» **Task**:
Repeat, line for line, only the span that opens at the "Naoya Inoue Dominates" line and closes at the final line below. Skip the pictures.

[Short descriptive text snippets]

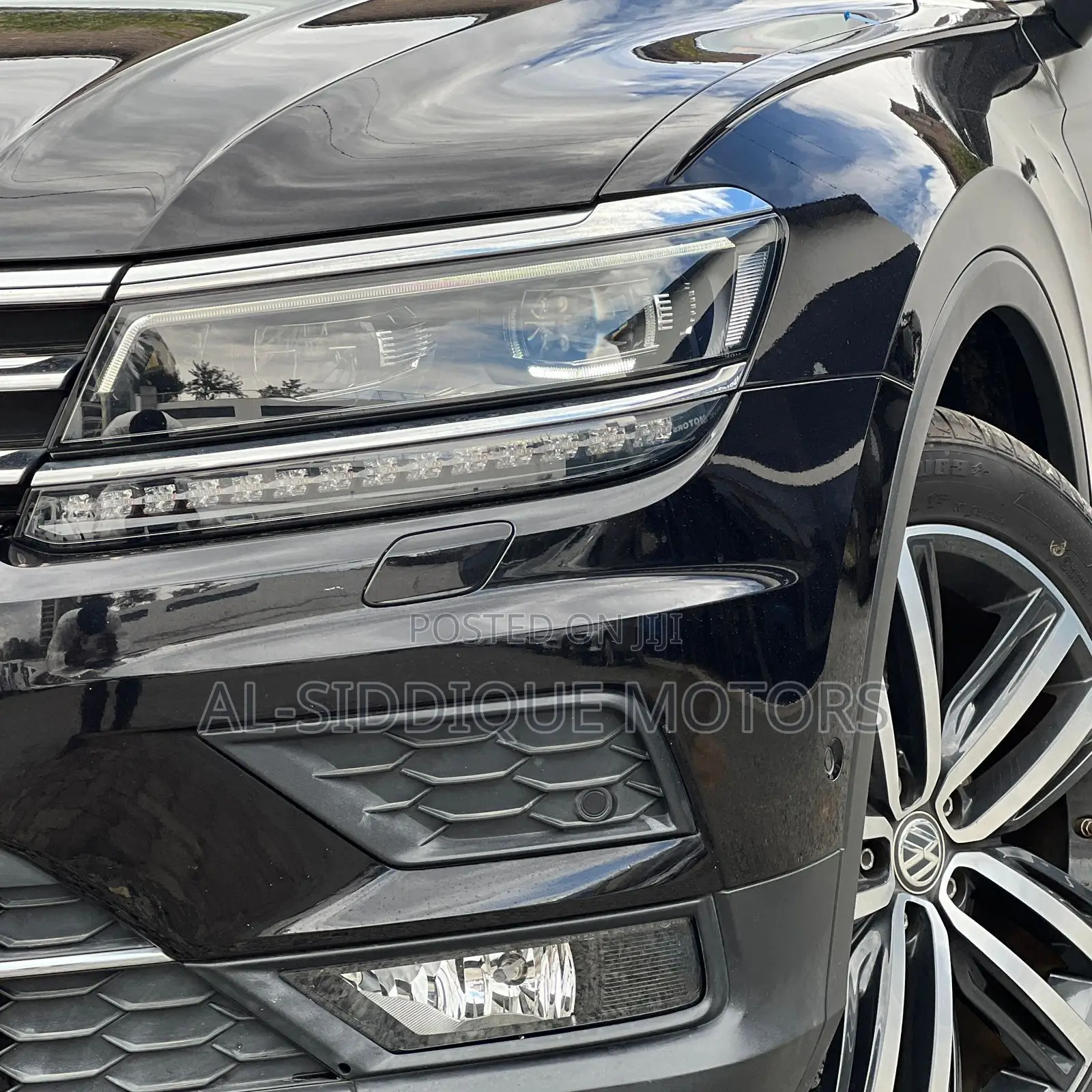 Volkswagen Tiguan 2020 Black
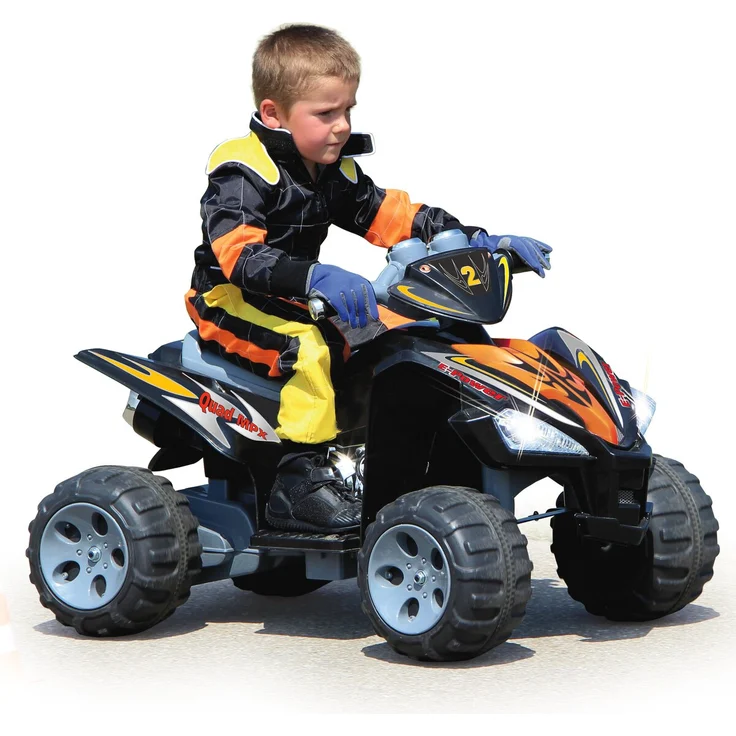 Jamara 404640 'Ride-on Quad', 12V, schwarz, ab 3 Jahren – Bild 8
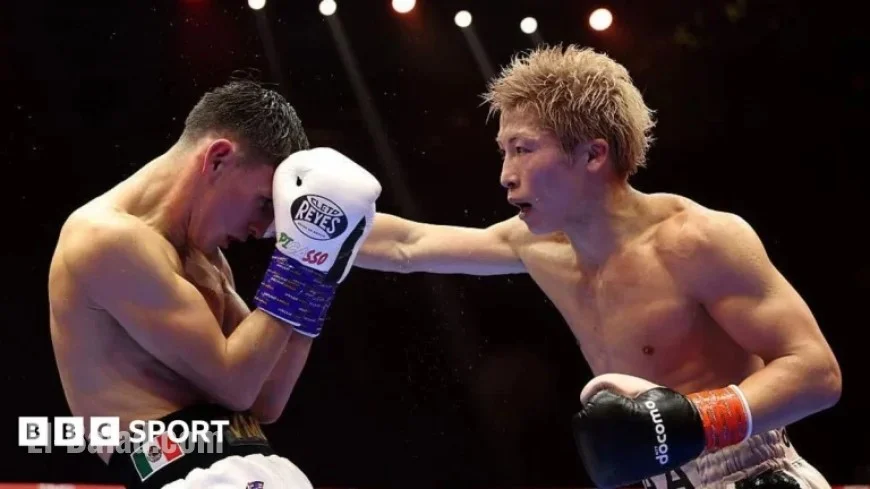 Naoya Inoue Dominates Alan Picasso Romero for Victory in Riyadh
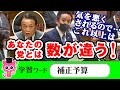 麻生太郎「御党とは人数が違います!」いつになく浜田議員に厳しくあたり議場もザワつく【国会中継】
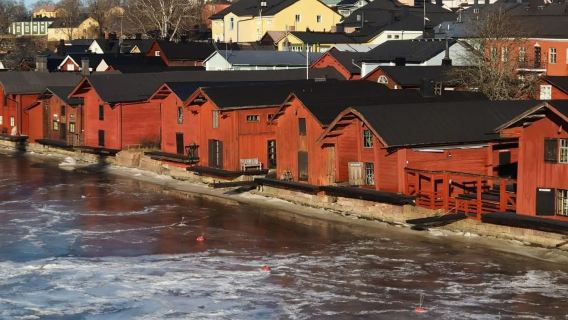 Finland Helsinki - Bandar Lama Porvoo Zaman Pertengahan · Rumah Merah - Bandar Lama Tepi Sungai - Sewaan Peribadi - Pilihan Terbaik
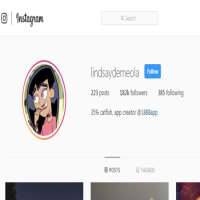 Lindsay DemeolaInstagram
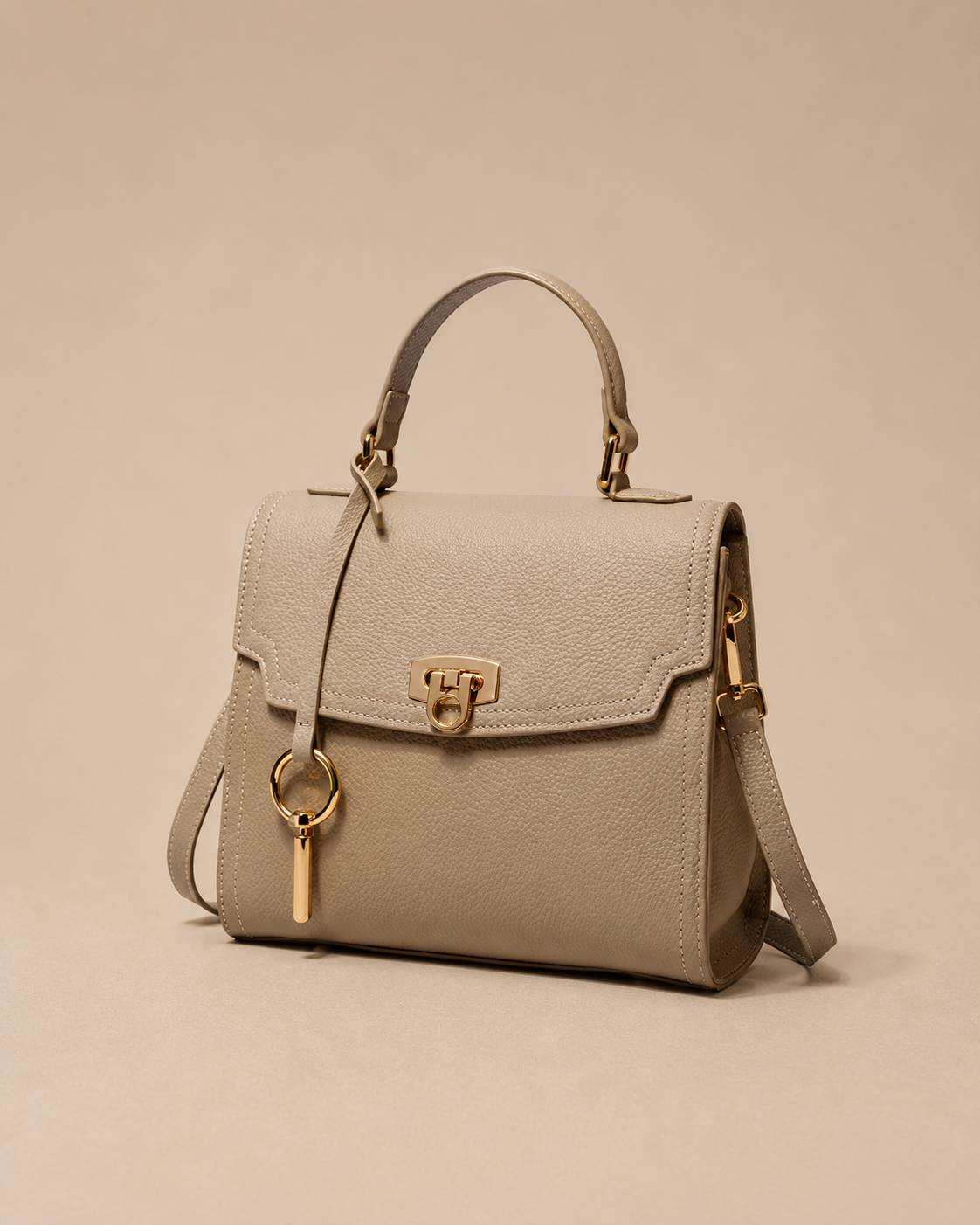 Genuine Leather Crossbody Shoulder Bag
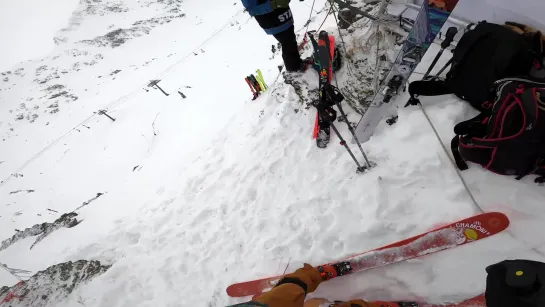 GoPro - Léo Slemetts Winning Run - FWT Andorra 2020 - Skiing, Freeride, Горные лыжи, Фрирайд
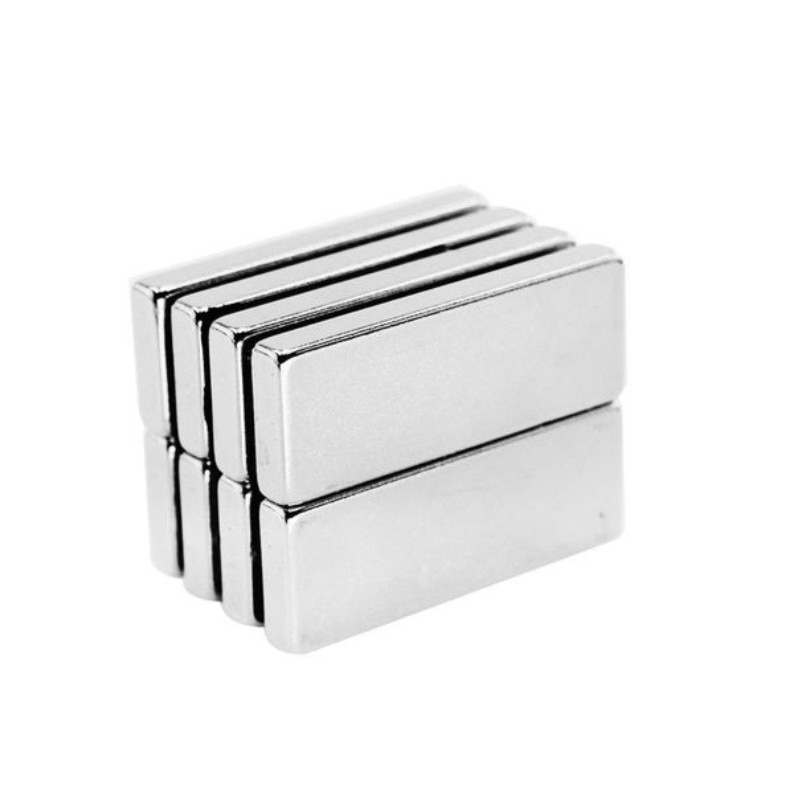 5 ~ 50 Uds 40x15x5mm imán de neodimio súper fuerte... – Grandado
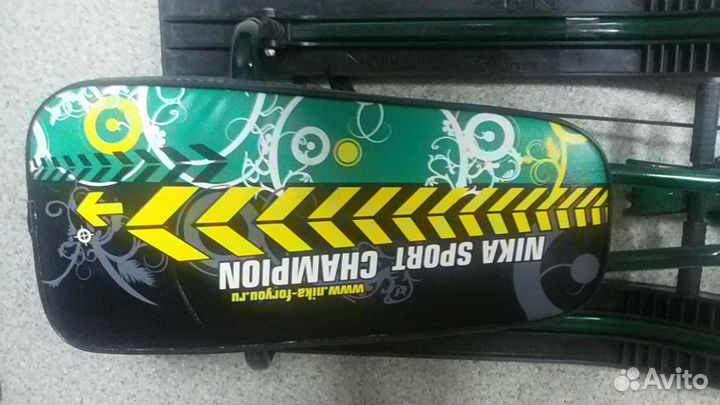 Продам снегокат nika sport chempion
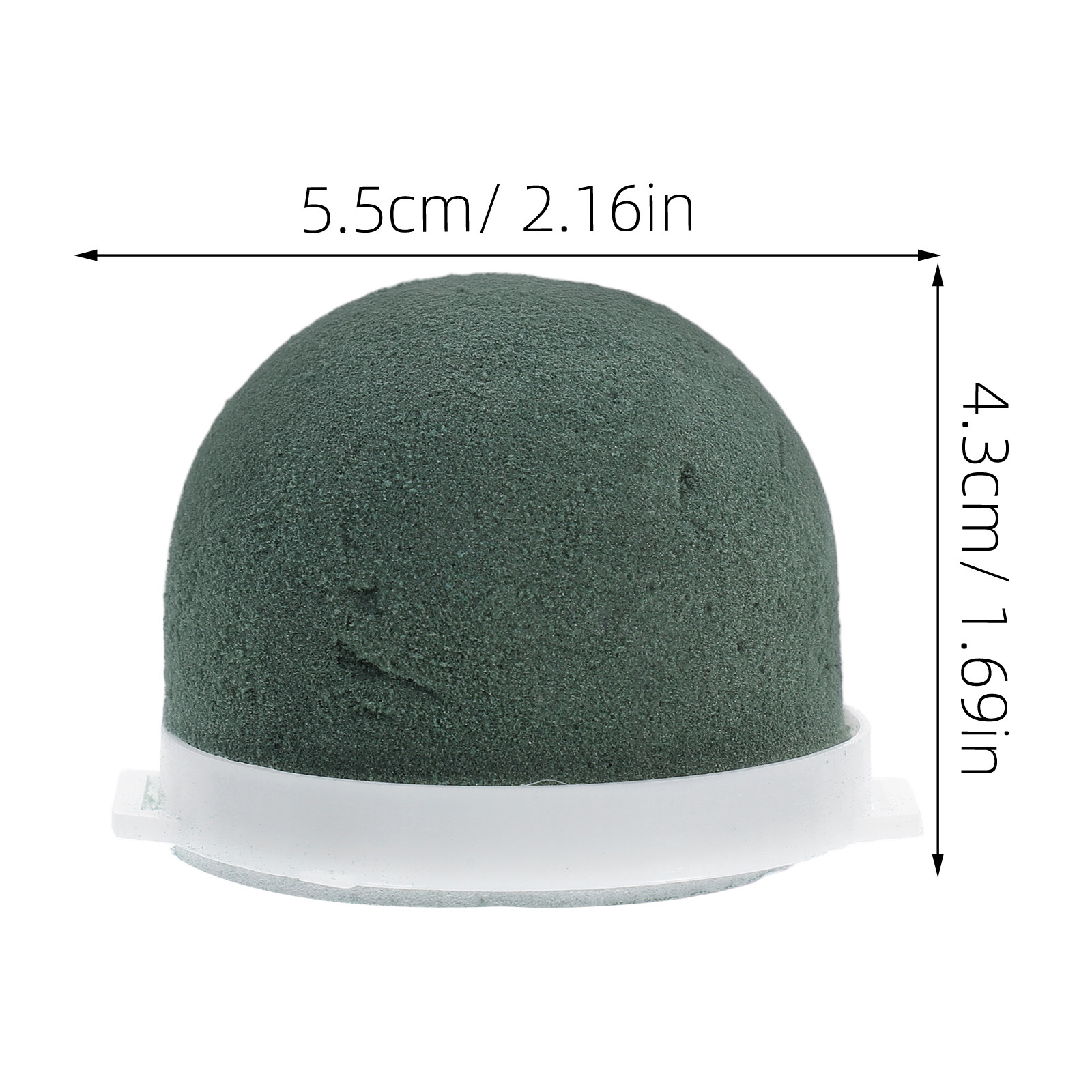 12Pcs Mini Floral Foam Round H - đánh giá và giá Wedding Floral Supply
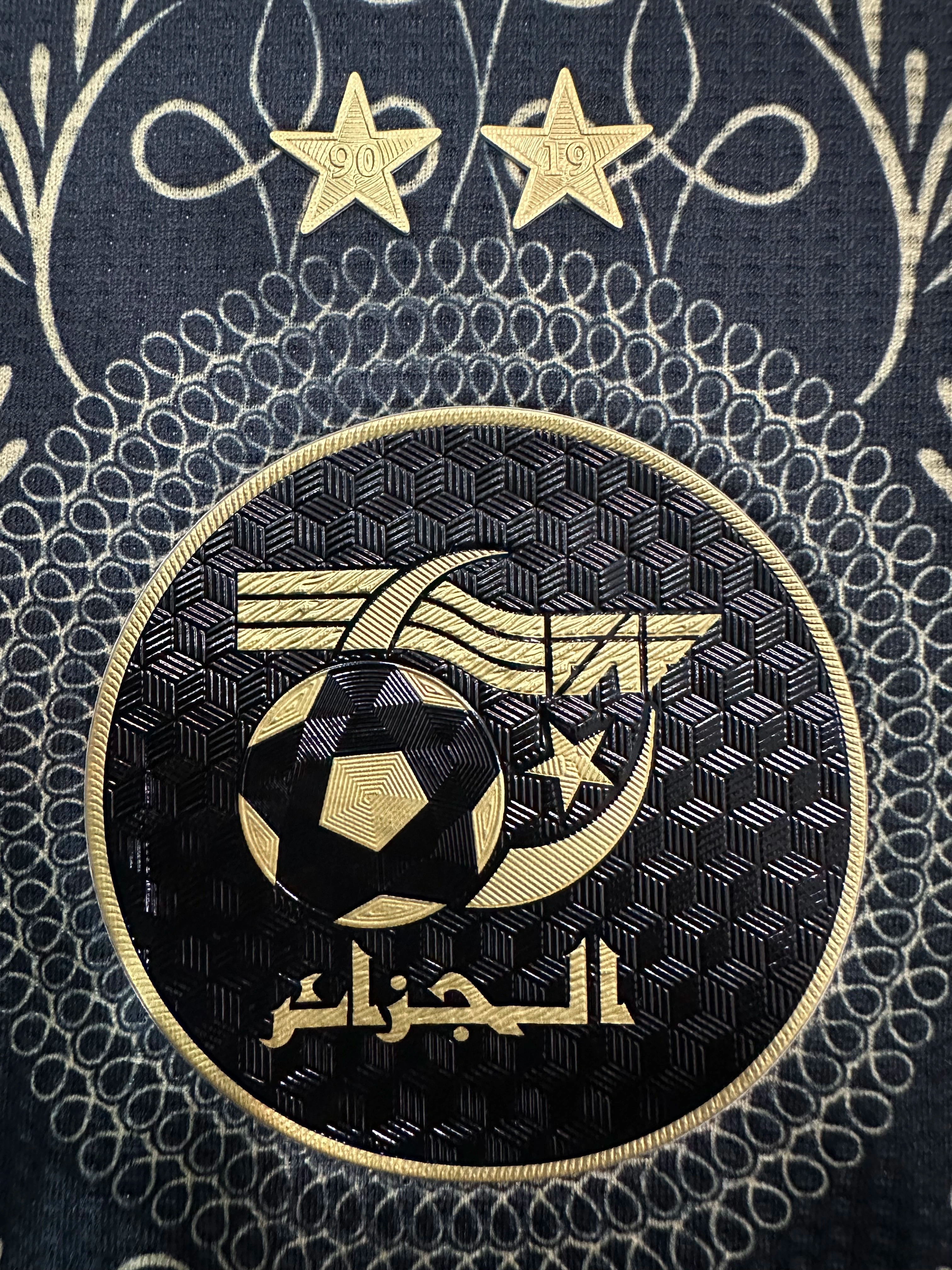 Algeria Soccer Jersey Third Away Shirt 2024-25 - U-jersey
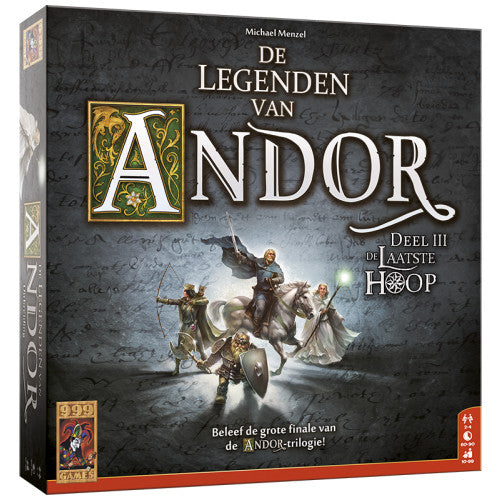De Legenden van Andor III: De laatste Hoop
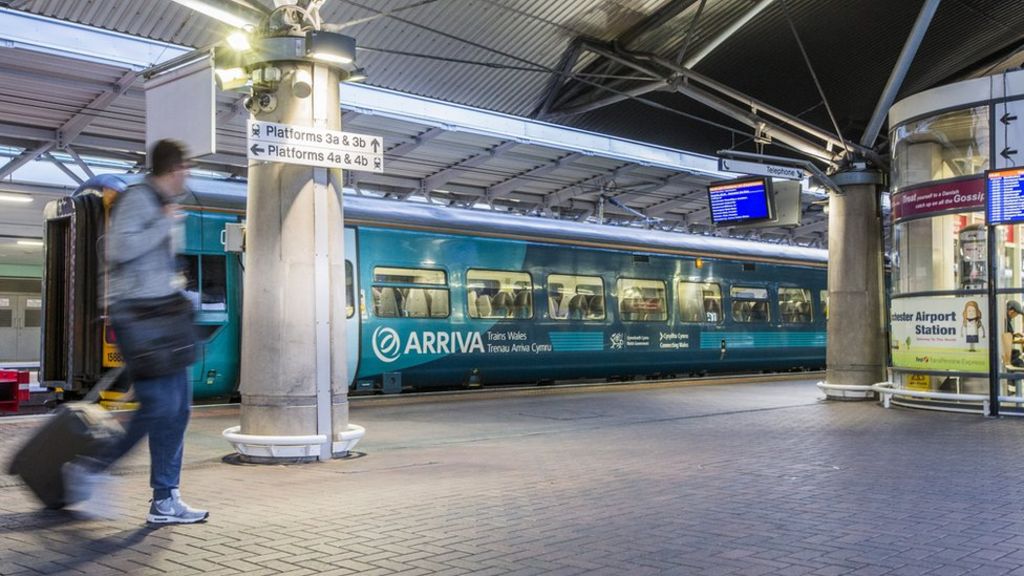 Train services to airport triple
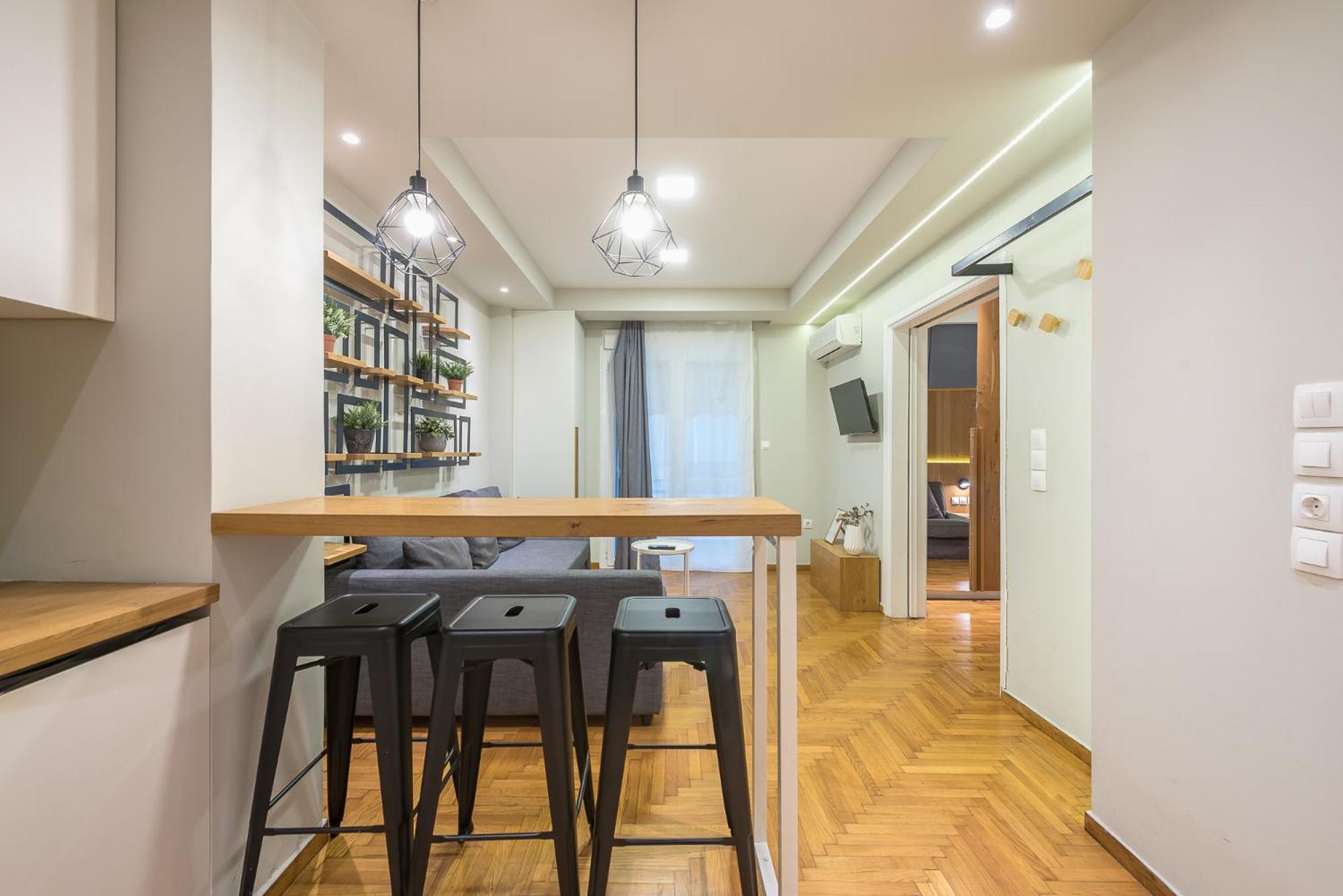 Pame Rentals - Walk Distance To Acropolis With A Charming Design 雅典 外观 照片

» **Task solution**:
 Naoya Inoue Dominates Alan Picasso Romero for Victory in Riyadh
 麻生太郎「御党とは人数が違います!」いつになく浜田議員に厳しくあたり議場もザワつく【国会中継】
 Finland Helsinki - Bandar Lama Porvoo Zaman Pertengahan · Rumah Merah - Bandar Lama Tepi Sungai - Sewaan Peribadi - Pilihan Terbaik
 Lindsay DemeolaInstagram
 Genuine Leather Crossbody Shoulder Bag
 GoPro - Léo Slemetts Winning Run - FWT Andorra 2020 - Skiing, Freeride, Горные лыжи, Фрирайд
 5 ~ 50 Uds 40x15x5mm imán de neodimio súper fuerte... – Grandado
 Продам снегокат nika sport chempion
 12Pcs Mini Floral Foam Round H - đánh giá và giá Wedding Floral Supply
 Algeria Soccer Jersey Third Away Shirt 2024-25 - U-jersey
De Legenden van Andor III: De laatste Hoop
 Train services to airport triple
 Pame Rentals - Walk Distance To Acropolis With A Charming Design 雅典 外观 照片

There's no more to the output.